Notes on ACH

AUGUST 14, 2021  ·  4487 WORDS

A month ago, I left my job at Braintree on the bank payments team. After spending over a couple of years building and maintaining the system, I believe I have a decent understanding of how the 'Automated Clearing House' or ACH system works in the United States. This post aims to share some details about how it works from an engineer's perspective, and it is not specific to Braintree.

What is ACH?

The term "Automated Clearing House" didn't make much sense to me the first time I heard it. What do cleaning houses have anything to do with bank payments? It seemed like the result you'd get if you put the phrase "vacuum cleaner" through Google Translate in another language and then translated it back.

Turns out, since the 19th century, before electronic systems were common, banks would physically meet at a centralized location, where representatives from each bank would exchange and tally up checks to 'clear' them. These locations came to be called 'clearing houses.' Here's a simplified view of how it works: let's say Bank A's customers wrote checks worth $12,000, and Bank B's customers wrote checks worth $15,000. Bank B would pay $3,000 to Bank A to 'clear' their debts. In an oversimplified view, ACH automates this manual process.

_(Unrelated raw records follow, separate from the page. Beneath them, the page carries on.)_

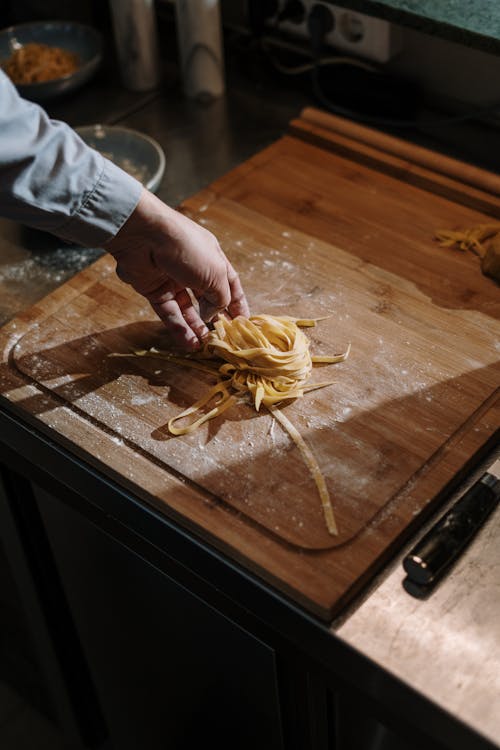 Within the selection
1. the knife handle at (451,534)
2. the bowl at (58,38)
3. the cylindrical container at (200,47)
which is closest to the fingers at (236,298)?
the knife handle at (451,534)

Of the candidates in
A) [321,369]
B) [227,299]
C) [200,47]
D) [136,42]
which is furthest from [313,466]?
[136,42]

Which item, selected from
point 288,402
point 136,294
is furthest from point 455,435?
point 136,294

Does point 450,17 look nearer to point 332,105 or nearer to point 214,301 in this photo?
point 332,105

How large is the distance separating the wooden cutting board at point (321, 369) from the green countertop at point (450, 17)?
0.77ft

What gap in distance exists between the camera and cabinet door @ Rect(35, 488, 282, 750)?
4.29 ft

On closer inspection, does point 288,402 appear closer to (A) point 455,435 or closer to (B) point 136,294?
(A) point 455,435

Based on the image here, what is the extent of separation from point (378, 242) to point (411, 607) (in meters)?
0.74

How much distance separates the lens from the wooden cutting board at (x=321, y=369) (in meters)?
1.17

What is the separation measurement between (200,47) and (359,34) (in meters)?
0.35

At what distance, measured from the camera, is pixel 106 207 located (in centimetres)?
125

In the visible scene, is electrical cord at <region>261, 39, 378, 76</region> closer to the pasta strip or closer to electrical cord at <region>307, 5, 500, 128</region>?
electrical cord at <region>307, 5, 500, 128</region>

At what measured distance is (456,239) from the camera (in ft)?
5.22

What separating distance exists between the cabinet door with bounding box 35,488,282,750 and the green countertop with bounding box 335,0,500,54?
3.41ft

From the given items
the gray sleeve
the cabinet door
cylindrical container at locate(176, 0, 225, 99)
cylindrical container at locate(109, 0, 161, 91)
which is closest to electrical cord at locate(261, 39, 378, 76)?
cylindrical container at locate(176, 0, 225, 99) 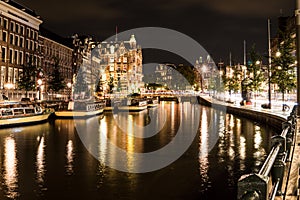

Today, ACH is used to facilitate money movement for various purposes, including payroll, rent payments, mortgages, B2B payments, and more. It is particularly suitable for high-value transactions that would be costly to process on a credit card due to the high interchange fees. In fact, according to a report by NACHA, ACH facilitated a volume of $61.9 trillion in 2020.

'Only' 26.8 billion transactions make up the entire $61.9 trillion volume which brings the average value of each transaction to ~$2310.

Who's involved?

There are 5 major players involved in the ACH process (In reality, like any complex and old system, there are multiple intermediaries and downstream systems involved but they are not the focus of this post).

  • Merchant
  • Customer
  • Federal Reserve
  • Merchant's Bank
  • Customer's Bank

Let's take on the role of the merchant with the goal of enabling customers to make payments via ACH in exchange for our products. In centralized systems like ACH, a bank is required to initiate transactions on our behalf. To facilitate ACH payments from customers, we need to partner with a bank and open a business account. This bank is referred to as the 'Originating Depository Financial Institution' or ODFI. The customer's bank in this scenario is known as the 'Receiving Depository Financial Institution' or RDFI.

How does it work?

Step-by-step, the process works as follows:

Customer → Merchant

As you'll later see, the customers hold a significant amount of power in the ACH system so it is important to verify the account before accepting a payment. That is step zero. There are various methods available to verify a customer's bank account, each with its own advantages and disadvantages.

  • Utilizing a third party service that maintains extensive databases: This option allows for instantaneous checks, but it may not be supported by all banks, and there is a possibility of outdated data.

  • Integrating with services like Plaid that offer APIs to connect with the customer's financial institution: This option shares similar limitations as the one mentioned above, and it can also be relatively expensive.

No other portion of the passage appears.